EXERCISE INSTRUCTIONS: In the entries that follow, the line with "seeing fortune 94450084" opens the range and the line with "Surfers At Manu" closes it; repeat that range exactly, both lines included.

BEGIN RECORDS SUPPLIED

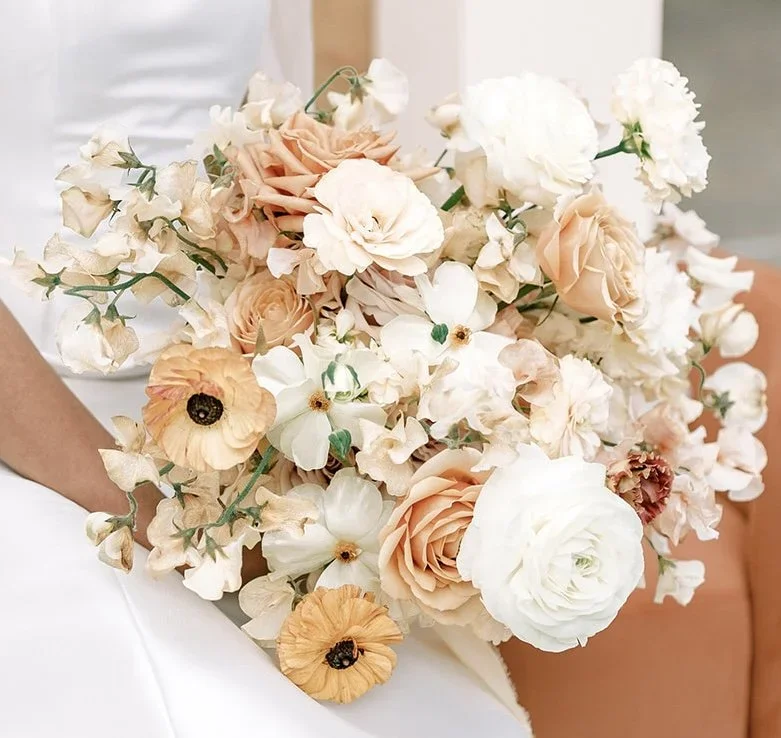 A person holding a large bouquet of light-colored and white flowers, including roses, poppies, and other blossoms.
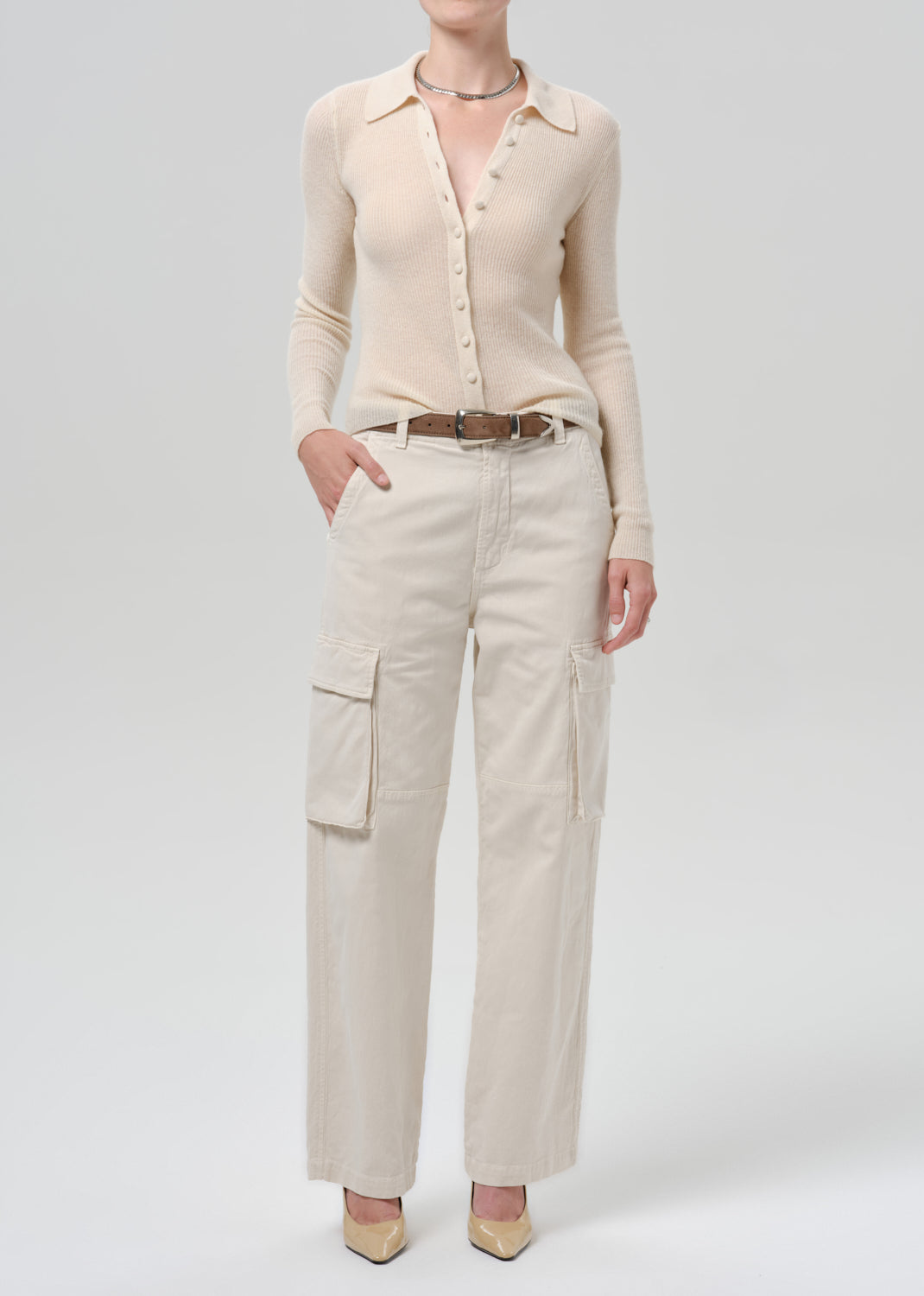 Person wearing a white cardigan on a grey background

END RECORDS SUPPLIED
BEGIN RECORDS SUPPLIED

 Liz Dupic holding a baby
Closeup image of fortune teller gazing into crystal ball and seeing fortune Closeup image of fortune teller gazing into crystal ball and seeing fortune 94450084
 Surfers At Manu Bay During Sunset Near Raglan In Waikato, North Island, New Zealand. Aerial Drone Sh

END RECORDS SUPPLIED

EXERCISE ANSWER:
Closeup image of fortune teller gazing into crystal ball and seeing fortune Closeup image of fortune teller gazing into crystal ball and seeing fortune 94450084
 Surfers At Manu Bay During Sunset Near Raglan In Waikato, North Island, New Zealand. Aerial Drone Sh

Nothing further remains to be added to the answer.